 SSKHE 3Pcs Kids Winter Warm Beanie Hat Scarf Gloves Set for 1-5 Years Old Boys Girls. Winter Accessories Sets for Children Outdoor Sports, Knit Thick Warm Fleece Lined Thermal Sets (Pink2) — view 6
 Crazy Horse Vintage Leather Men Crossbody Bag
..........
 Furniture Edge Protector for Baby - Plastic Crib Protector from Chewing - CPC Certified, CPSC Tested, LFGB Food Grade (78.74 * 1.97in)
..........
All that belongs in your answer is the stretch of entries above from the line with "SSKHE 3Pcs Kids" through the line with "Crazy Horse Vintage", printed exactly.

TASK OUTPUT:
 SSKHE 3Pcs Kids Winter Warm Beanie Hat Scarf Gloves Set for 1-5 Years Old Boys Girls. Winter Accessories Sets for Children Outdoor Sports, Knit Thick Warm Fleece Lined Thermal Sets (Pink2) — view 6
 Crazy Horse Vintage Leather Men Crossbody Bag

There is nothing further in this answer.